Of course, there's nothing wrong with others having a good opinion of you. I'm sure many had good opinions of St. Thérèse even while she lived. But she did not center her importance on those opinions. Neither did she disdain them out of pride (“Who cares what she thinks?”) She kept her focus in the right place – on the hands of her all-knowing and all-just Father – and the judgements of men fall where they may. She trusted that the day would come when all circumstances and motives would be laid bare, and her actions would be vindicated – or condemned – according to the criteria that mattered to Him.
All of which brings me to Psalm 118. It seems to me that this psalm stretches over all Holy Week. The cries of the crowd on Palm Sunday - “Hosanna!” “Blessed is he who comes in the name of the Lord!” - were drawn from Psalm 118. Jesus quoted it to the Pharisees after the damning parable of the wicked tenants (Matt 20:9-18). It is the last portion of the Great Hallel, the hymn sung by Jesus and the apostles just before they left for Gethsemane (Mk 14:26). And eventually St. Peter quotes it when proclaiming Jesus' Resurrection before the very Council that condemned Him. (Acts 4:11)
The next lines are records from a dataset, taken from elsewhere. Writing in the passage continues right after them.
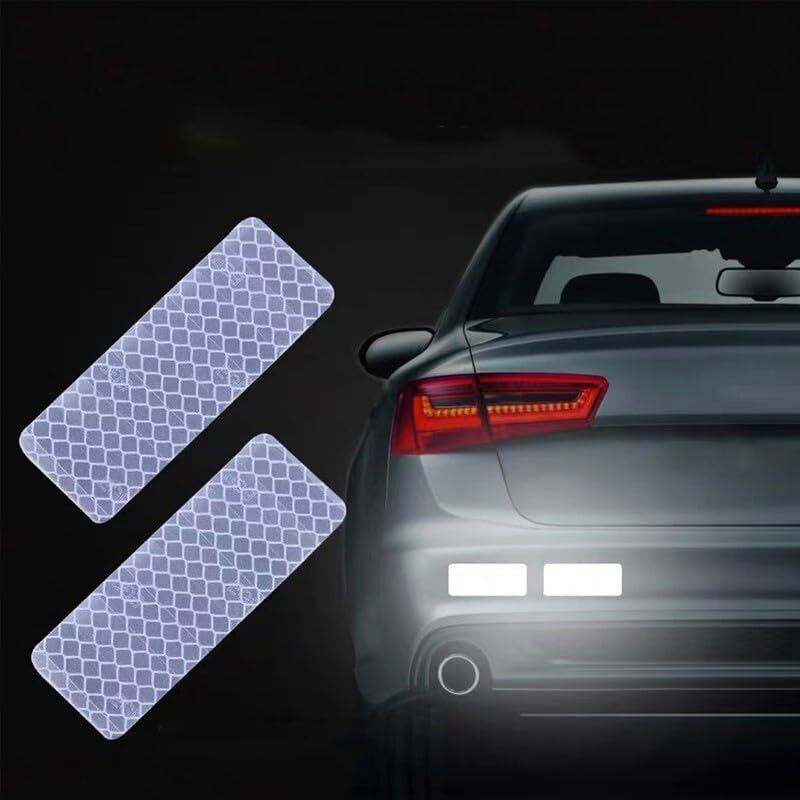 VADDA Universal Reflective Car Stickers 10 Pcs, Rectangular Stripe Stickers for Cars, Trucks, Bikes, Bicycle, Night Visibility Vehicle Safety Reflectors for Car Bumper, Hood, Fender & Door - White - Image 1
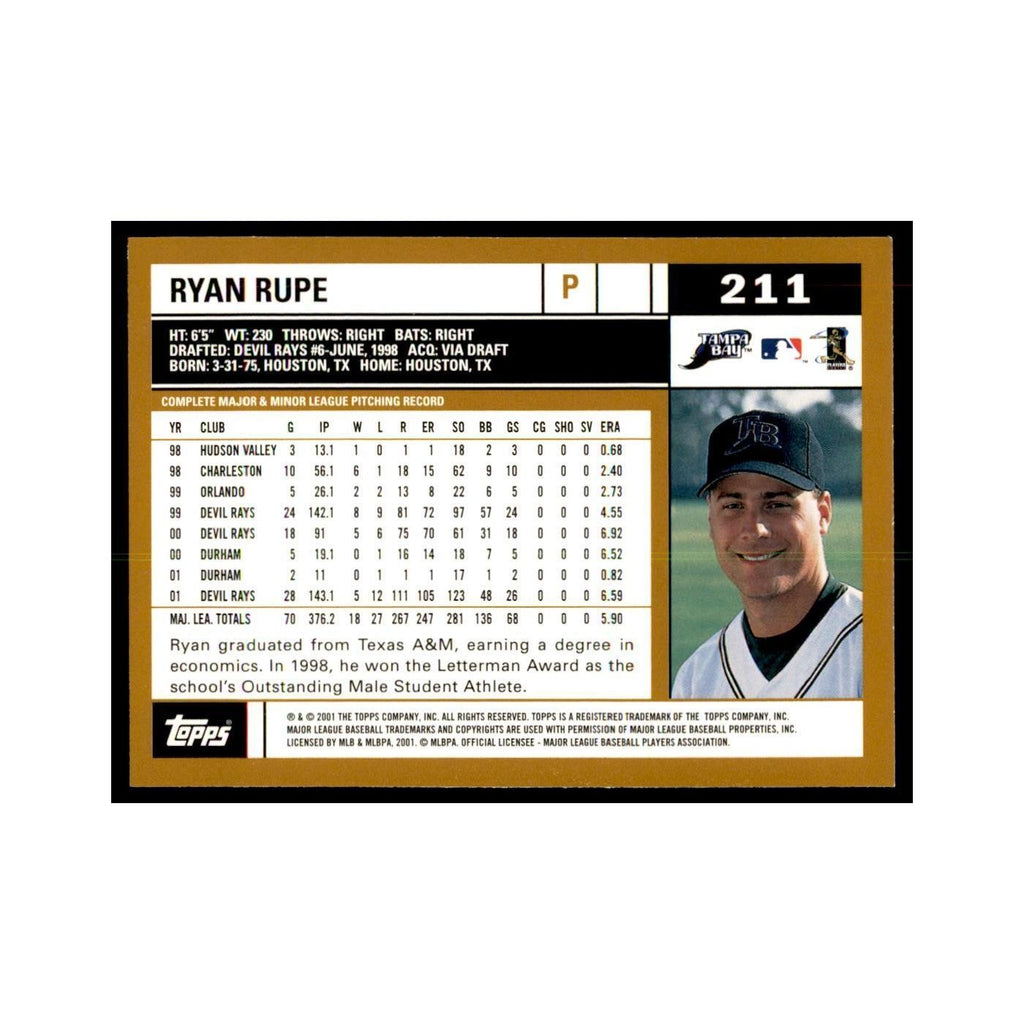 2002 Topps Home Team Advantage Ryan Rupe Baseball Cards #211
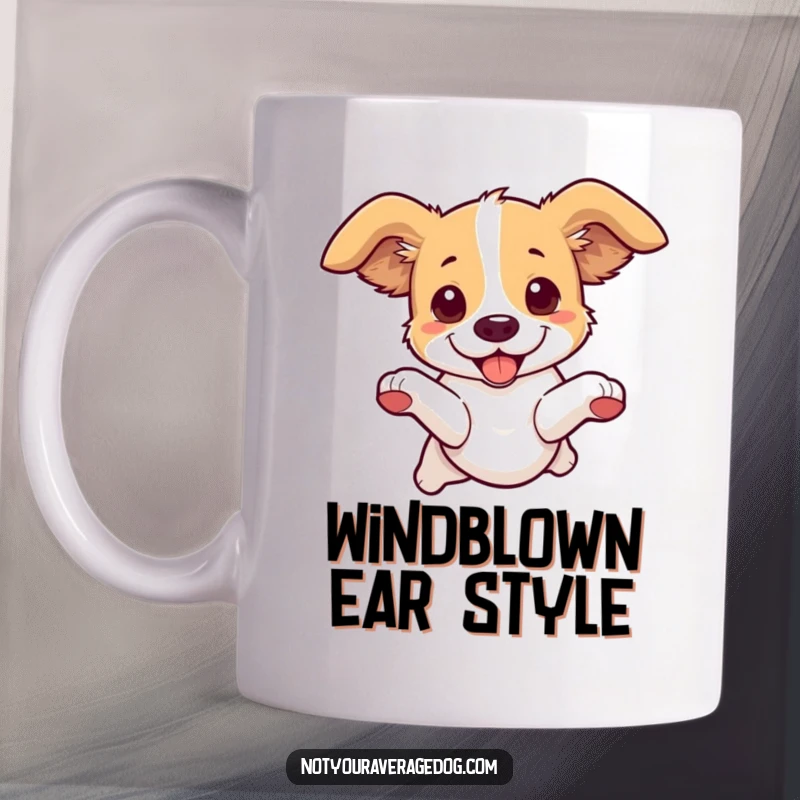 Funny Dog Leaping Mug: A dog leaps with ears flopping in opposite directions, capturing pure, goofy energy.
And what is the theme of this psalm? Trusting in God rather than in men. Looking to the Lord with complete abandon (v.6), not trusting in men (v. 8 & 9), and leaving the final outcome in God's hands (v. 7 & 22). Surely Jesus demonstrated what this kind of trust looked like in practice. When accused before the Sanhedrin, He did not start explaining Himself, “Look, guys, you've got it all wrong. The Kingdom I'm founding isn't a political entity – it won't threaten your rule of Jerusalem in the least.” Even before Pilate, when He easily could have laid bare the machinations of the chief priests and secured His freedom, He did not. His attitude was, “My Father will know the right of it” - even if that vindication lay on the far side of being tortured to death. (That's trust!)
Jesus was not worried about being misunderstood. What others thought about Him, said about Him, and ultimately did to Him did not matter as much as obeying His Father, and trusting in His final vindication. From this example, saints and martyrs down through history have been able to follow, fixing their eyes upon Him, trusting Him to vindicate them regardless of what men did. Even the little trials offered by St. Thérèse's sisters in the convent afforded an opportunity to trust and surrender.
This is the challenge to me this Holy Week and beyond. I've never been reviled, slandered, and verbally attacked. I've certainly never been physically abused. But considering how agitated I get when I'm merely misunderstood, I've got a long way to go before I even meet the standards set by the Little Flower, much less Christ Himself. But the first step is to recognize where I'm failing, and it is here: at the point of my trust. May I grow in this trust during this Holy Week, this Easter Season, and through the rest of my life.
For to this you have been called, because Christ also suffered for you, leaving you an example, so that you should follow in his steps. ‘He committed no sin, and no deceit was found in his mouth.' When he was abused, he did not return abuse; when he suffered, he did not threaten; but he entrusted himself to the one who judges justly.